SEA and The End of Oil conceived by Papo Colo.
The End of Oil curated by Herb Tam and Lauren Rosati.
Khalil Chishtee; Louisa Conrad; Robert Derr; Dominic Gagnon; Ed Kashi; Matt Kenyon; Michael Mandiberg; Andrei Molodkin; Jo Syz
WEDNESDAY, JULY 15
7:30 – 9pm: SEA Poetry Series, No. 2
Following the inaugural reading of this series, which brought Maine-based poet Jonathan Skinner to Exit Art, poet Marcella Durand will read a selection of her poems and discuss her work in relation to The End of Oil. Q & A and reception to follow. Conceived and organized by E.J. McAdams, poet and Associate Director of Philanthropy at The Nature Conservancy, New York City. Free. Cash bar.
Marcella Durand’s recent books are Traffic & Weather (Futurepoem, 2008), AREA (Belladonna, 2008), and The Anatomy of Oil (Belladonna, 2005). Other books include Western Capital Rhapsodies, City of Ports, and Lapsus Linguae. Her poems and essays have appeared in Conjunctions, The Canary, Denver Quarterly, Chain, The Poker, Verse, NYFA Current, and other journals. She has given talks on the intersections of poetry and ecology at Kelly Writers House, Small Press Traffic, Dactyl Foundation, Stella Adler Studio of Acting, and other venues. Excerpts from her ongoing collaboration with Tina Darragh, based on environmental science, Deep Ecology and Francis Ponge, have appeared in Anomaly, How(2), and Ecopoetics.
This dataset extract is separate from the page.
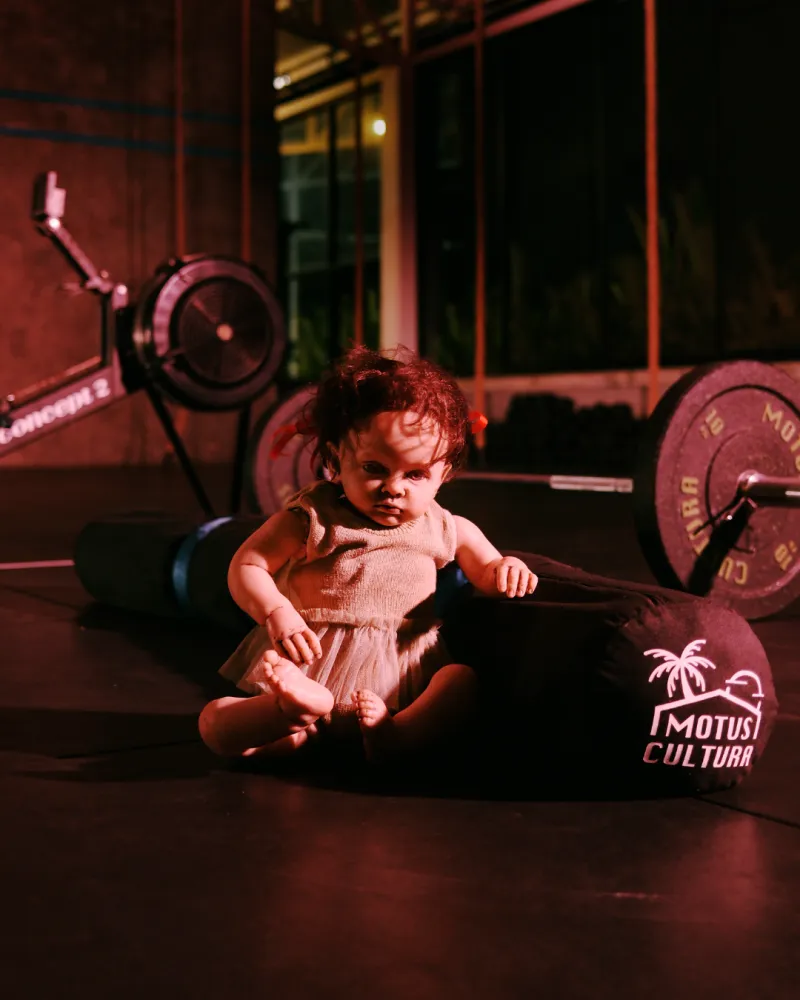 Doll sitting by a barbell and a rower, Workout 1 art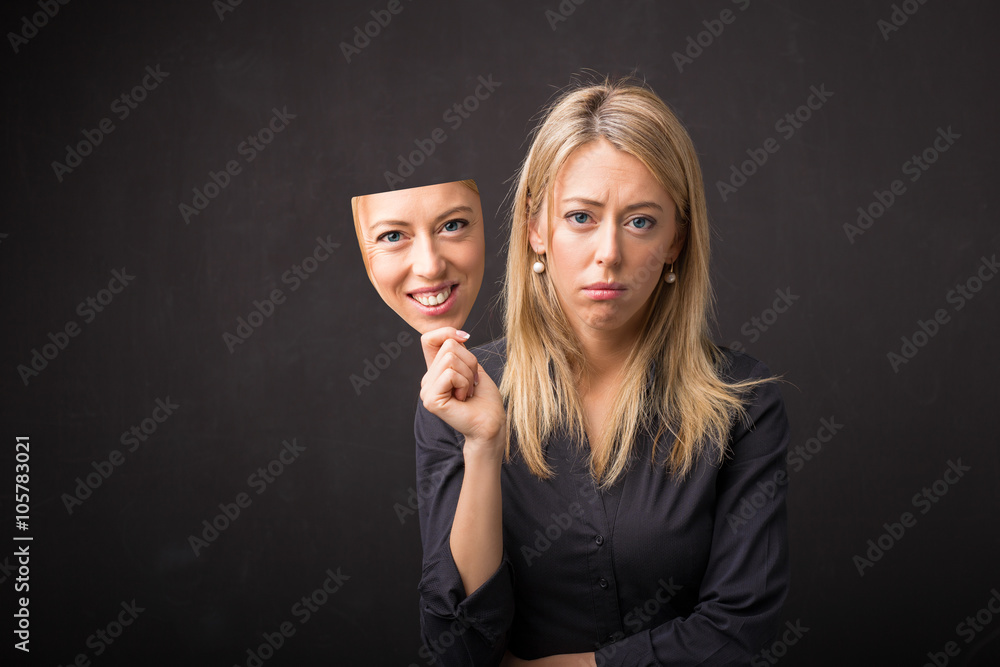 Woman holding mask of her happy face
Currently, she is translating Michèle Métail’s Les horizons du sol / Earth’s Horizons, a history of the geological formation of Marseille written within a Oulipian formal constraint; a section of her translation appeared last year in The Nation.
THE END OF OIL SCREENING SERIES
The End of Oil Screening Series consists of films that explore topics such as peak oil; the impact of coal mining and oil drilling; dwindling oil resources; and the effect of this environmental crisis on the economy. More information coming soon.
All films will be screened in our Exit Underground Digital Theater on Saturdays at 4pm.
$5 Suggested Donation.
June 20 and 27
The Great Squeeze: Surviving the Human Project
July 11 and 18
A Crude Awakening
July 25
The Power of Community: How Cuba Survived Peak Oil
SEA is a unique endeavor that presents a diverse multimedia exhibition program and permanent archive of artworks that address social and environmental concerns. SEA will assemble artists, activists, scientists and scholars to address environmental issues through presentations of visual art, performances, panels and lecture series that will communicate international activities concerning environmental and social activism. SEA will occupy a permanent space in Exit Underground, a 3000 square-foot, multi-media performance, film and exhibition venue underneath Exit Art’s main gallery space. The SEA archive will be a permanent archive of information, images and videos that will be a continuous source for upcoming exhibitions and projects. Central to SEA’s mission is to provide a vehicle through which the public can be made aware of socially- and environmentally-engaged work, and to provide a forum for collaboration between artists, scientists, activists, scholars and the public. SEA functions as an initiative where individuals can join together in dialogue about issues that affect our daily lives.